QUERELLER
(ke-rè-lé) v. a.1° Faire querelle à quelqu'un.
Il ne vous suffit que votre libelle me déchire en public ; vos lettres me viennent quereller jusque dans mon cabinet [CORN., Lett. apolog.]
C'est pour me quereller donc, à ce que je voi, Que vous avez voulu me ramener chez moi ? [MOL., Mis. II, 1]
Non, je n'ai de ma vie eu tant d'envie de quereller quelqu'un [MARIV., Sec. surpr. de l'am. II, 7]
S'emporter contre.
Querellez ciel et terre, et maudissez le sort [CORN., Hor. II, 4]
Et, de tous les soldats les âmes étonnées Craignant de voir contre eux retourner leurs coignées [coupant un bois sacré], Il [César] querelle leur crainte, il frémit de courroux [BRÉBEUF, Phars. III]
Surpris, je l'avouerai, de leur fureur commune, Querellant les amants, l'amour et la fortune, J'étais de ce palais sorti désespéré [RAC., Bajaz. III, 2]
Vous, qui, de l'Asie embrassant la conquête, Querellez tous les jours le ciel qui vous arrête [ID., Iphig. IV, 6]
2° Provoquer, entamer une querelle (sens vieilli).
Mais ce n'est pas ici qu'il faut le quereller [CORN., Ment. II, 4]
Quereller signifie aujourd'hui reprendre, faire des reproches, réprimander ; il signifiait alors insulter, défier et même se battre [VOLT., Comm. Corn. Rem. Ment. II, 4]
3° Terme d'ancienne coutume. Porter plainte en justice ; attaquer un testament, une convention. De là vient le sens de disputer à, sens qui a vieilli et n'est plus usité.
Ne lui querelle point un bien que tu possèdes [CORN., la Suiv. IV, 8]
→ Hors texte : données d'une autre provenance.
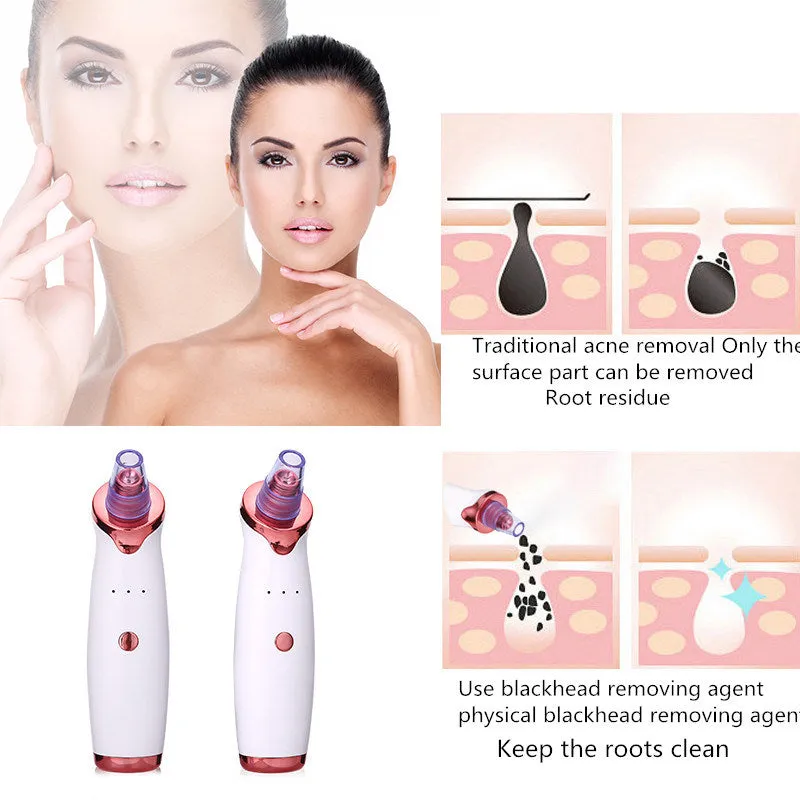 Dot Remover Acne Vacuum Suction Face Clean Black Head Pore Cleaning Beauty Skin Care Tool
Vous ne lui voulez pas quereller Célidée ? [ID., Galer. du Pal. V, 6]
4° Gronder, réprimander.
C'est toi, pendard, qui m'as bu mon vin d'Espagne, et qui as été cause que j'ai tant querellé la servante, croyant que c'était elle qui m'avait fait le tour [MOL., Scapin, II, 5]
5° Il se dit absolument, soit dans le sens de faire querelle, soit dans le sens de gronder.
Je ne querelle point [MOL., Mis. II, 1]
Argante : Laisse-moi un peu quereller en repos. - Scapin : Vous voulez quereller ? - Argante : Oui, je veux quereller. - Scapin : Hé ! qui, monsieur ? - Argante : Ce maraud-là [ID., Scapin, I, 6]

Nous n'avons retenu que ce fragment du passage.